Nadal finished his match in quicker time and it means that he’ll have a few hours of extra rest before the semis, though he hardly needs it. Including the 2 hours, 46 minutes he took to dispatch Almagro, Nadal has spent a grand total of 10 hours, 37 minutes on court. Novak Djokovic, by comparison, spent a combined 8 hours, 27 minutes grinding out his past two matches — five-set wins over Andreas Seppi and Jo-Wilfried Tsonga.

Djokovic saved four match points in his win Tuesday against the Frenchman Tsonga and Nadal spent about as much time answering questions about that match as his own, which produced none of the drama.

“A player like Novak probably creates more chances to save tough matches like yesterday, where he’s in a trouble situation,” Nadal said. “He’s fighting, putting another ball inside the court and puts pressure all the time against Tsonga.”

Earlier, an afternoon of eavesdropping and people watching in Paris awaited Maria Sharapova as she crept closer to fulfilling her burning desire to hold aloft the Suzanne Lenglen Cup by setting up a French Open semi-final date with Petra Kvitova.       
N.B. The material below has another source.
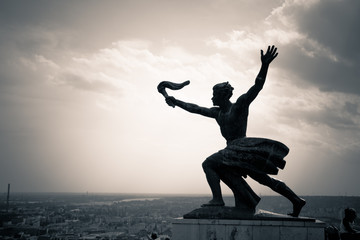 Side statue of the Liberty Statue (Freedom Statue) at the Citadel on Gellert hill in Budapest,...
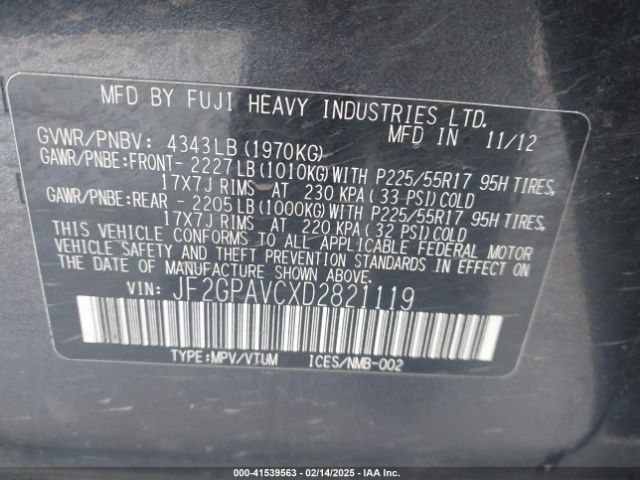 2013 SUBARU XV CROSSTREK JF2GPAVCXD2821119 Photo 8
The statuesque Russian would like nothing better than to eavesdrop on Kvitova’s semi-final tactics as she bids to clear the final hurdles blocking her path towards completing a career Grand Slam and reclaiming the world No.1 ranking.       

Sharapova was greeted with menacing clouds and even a brief shower burst on Philippe Chatrier Court but performed a quick rain dance to slide into the last four with a 6-2, 6-3 win over Estonian Kaia Kanepi.       

The victory allowed her to skip off court in 74 minutes, leaving her time to indulge in her favourite Parisian pastime, while over on Suzanne Lenglen Court Kvitova was in danger of missing out on the semi-final party.       

The Czech hauled herself back from 2-4 down in the final set before finally ending the adventure of 142nd-ranked Kazakh qualifier Yaroslava Shvedova 3-6, 6-2, 6-4 to set up a meeting with the woman she beat in last year’s Wimbledon final.       

There was nothing surreptitious about Shvedova's game plan on Wednesday.       

The bespectacled Shvedova had shown no fear or nerves in spinning holder Li Na out of the tournament in the previous round and she also left Kvitova in a daze.       

The Kazakh stood two games away from booting out yet another grand-slam winner from a topsy-turvy French Open, where only three women lived up to their seedings in reaching the last eight, but in the end Kvitova relied on her ice-cool temperament to dig herself out of a hole.       

Such was her focus that she did not even blink when she started to get drenched in driving rain sweeping through the court and levelled for 4-4 as a rapidly tiring Shvedova was briefly forced to toss aside her blue-framed prescription glasses.       

Kvitova, though, made the most of her 20/20 vision to earn her first match point but let out a piercing squeal as she hit a wild forehand long and wide. She made no mistake on the second as Shvedova smacked a backhand wide to bow out.       

“I was just super-tired. I had zero energy left,” Shvedova said after losing out on her chance to become the first qualifier and first player from her nation to reach the women’s semis in Paris.

Kvitova will have less than 24 hours now to get her breath back for her showdown with Sharapova, who has beaten the Czech in both of their meetings this year.       

“I lost the last few matches, but I hope that I will remember something from the matches I did win against her,” said Kvitova, the only top-10 player who has not reached a final this year. “It will be a big challenge for me tomorrow.”

Just like last July, Sharapova will be the favourite to win Thursday’s tussle and she made sure she would be fresh for that.

In fact, so easy was her win, that the Russian, who rates Paris as the best city for people watching, appeared to be doing just that during her changeovers, perhaps taking fashion pointers from the well-heeled women dotted around the Philippe Chatrier stands. With the one-sided contest over in a flash, it left her plenty of free time to soak up the atmosphere elsewhere in Paris.